▶ Assigned task: Produce a word-for-word copy of the line that contains "invisalign-before-after-nj-1" and each line after it through the end of the material, omitting pictures and all other lines.

▶ Records for this task:
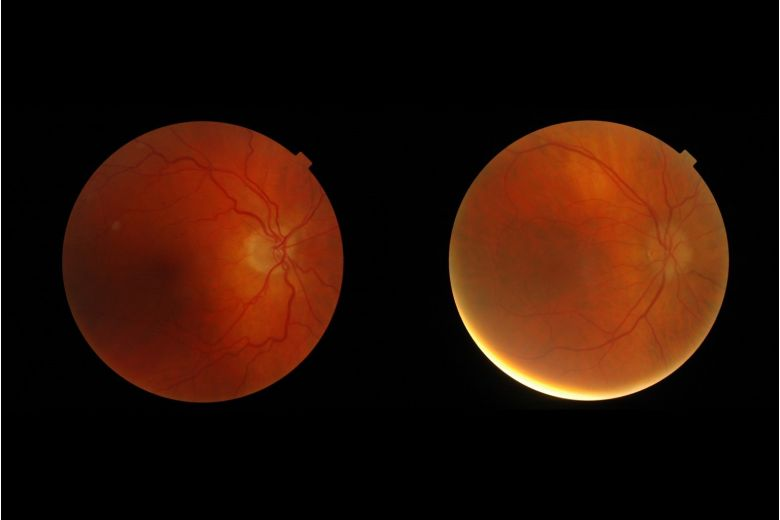 Images of the ocular fundus (inside, back surface of the eye) showing the optic nerve head - the region where the blood vessels converge - in a normal patient (left) and in a patient with subtle abnormalities associated with a brain tumour. 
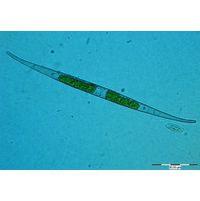 Closterium subulatum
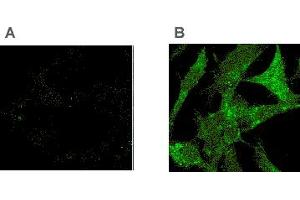Immunocytochemistry showing the detection of Tollip in Tollip -/- (A) or overexpressed Tollip in -/- (B) murine embryonic fibroblasts (MEF) cells with the MAb to Tollip (Kimmy-2) . (TOLLIP anticorps  (AA 1-274))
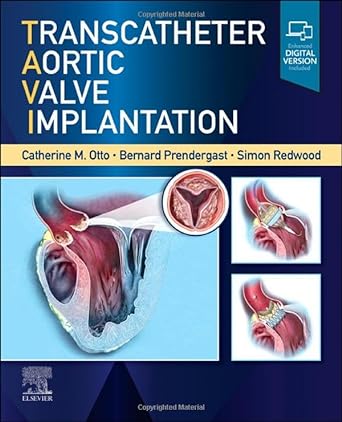 [B9780323757928] Transcatheter Aortic Valve Implantation: 1ed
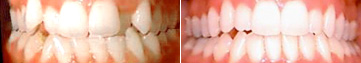 invisalign-before-after-nj-1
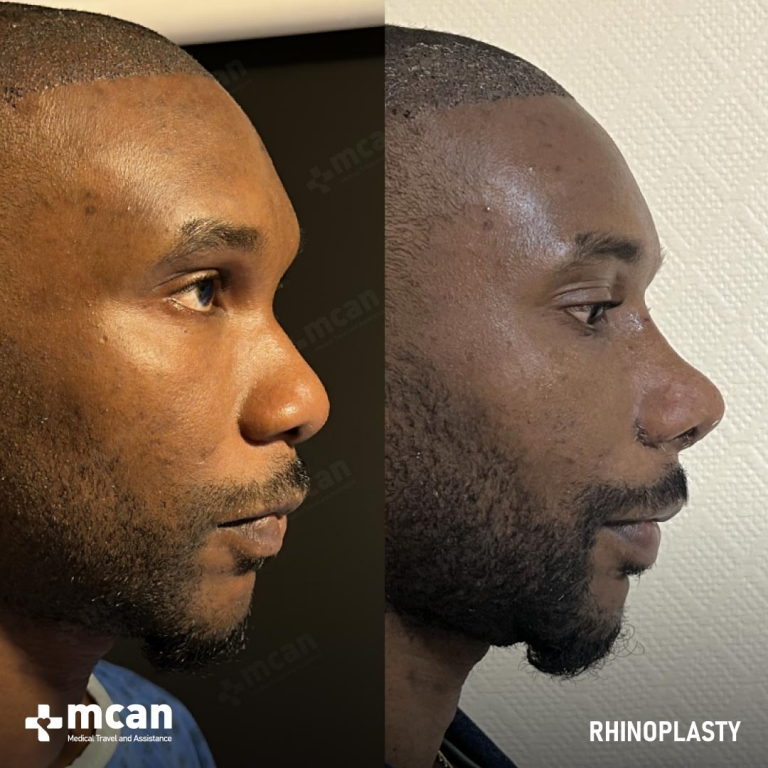 Rhinoplasty Before & Afters 1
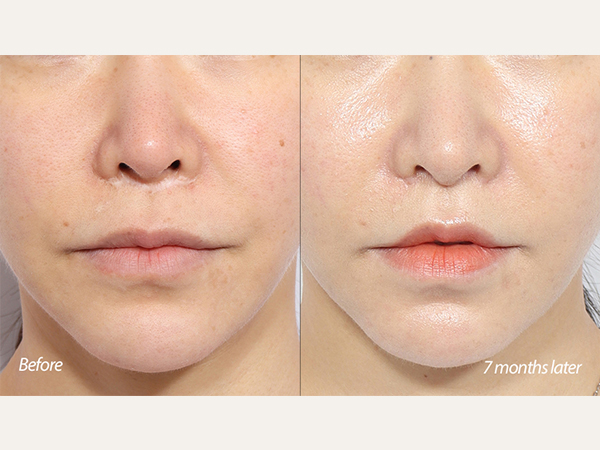 revisional lip lift revision lip lift philtrum reduction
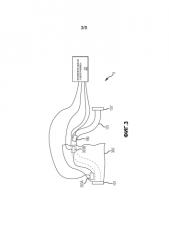 Компенсация тепловых напряжений в вибрационном расходомере с изогнутым трубопроводом (патент 2581436)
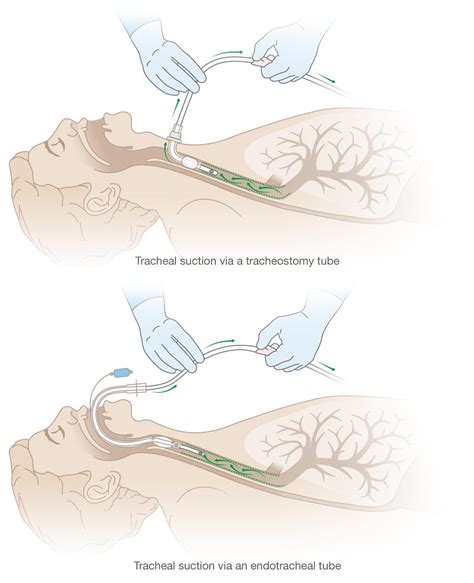 Tracheostomy Tube Suctioning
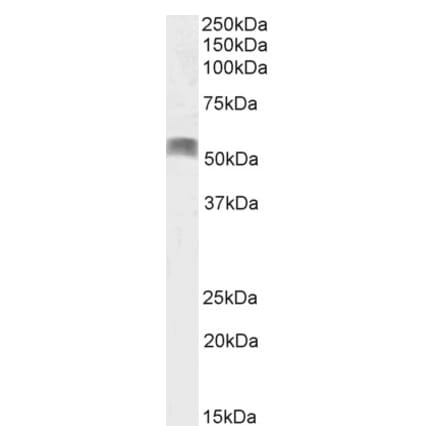 Western Blot - Anti-Arx Antibody (A84586) - Antibodies.com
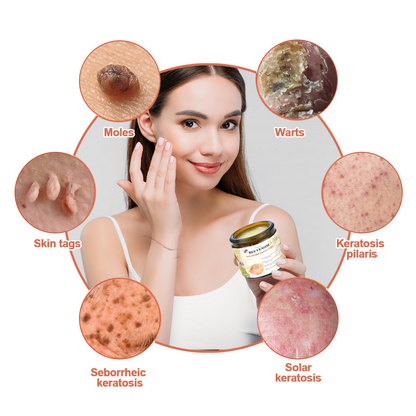 Honeybee Venom Mole and Wart Cream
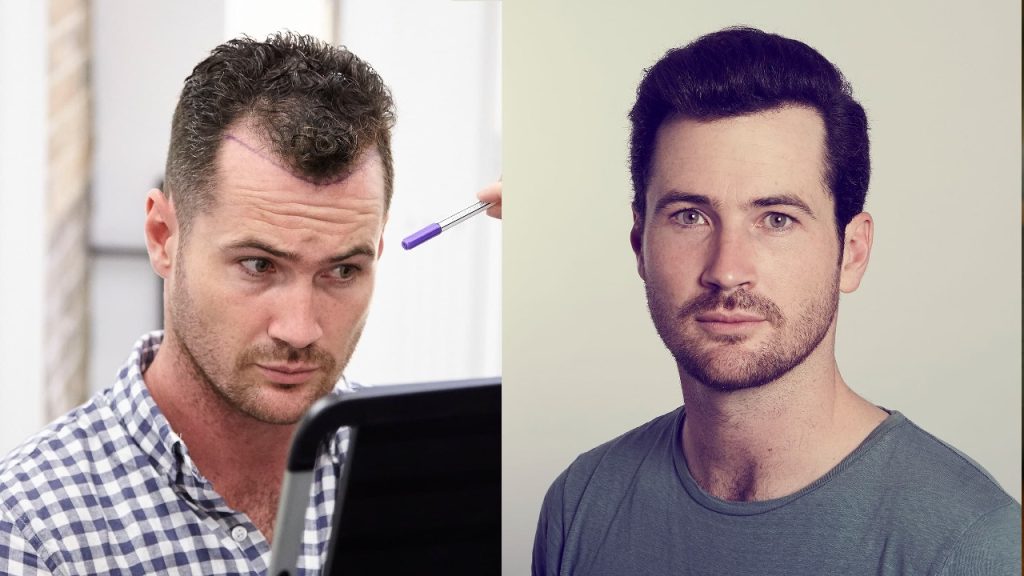Hair transplant birmingham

▶ Problem solution:
 invisalign-before-after-nj-1
 Rhinoplasty Before & Afters 1
 revisional lip lift revision lip lift philtrum reduction
 Компенсация тепловых напряжений в вибрационном расходомере с изогнутым трубопроводом (патент 2581436)
 Tracheostomy Tube Suctioning
 Western Blot - Anti-Arx Antibody (A84586) - Antibodies.com
 Honeybee Venom Mole and Wart Cream
Hair transplant birmingham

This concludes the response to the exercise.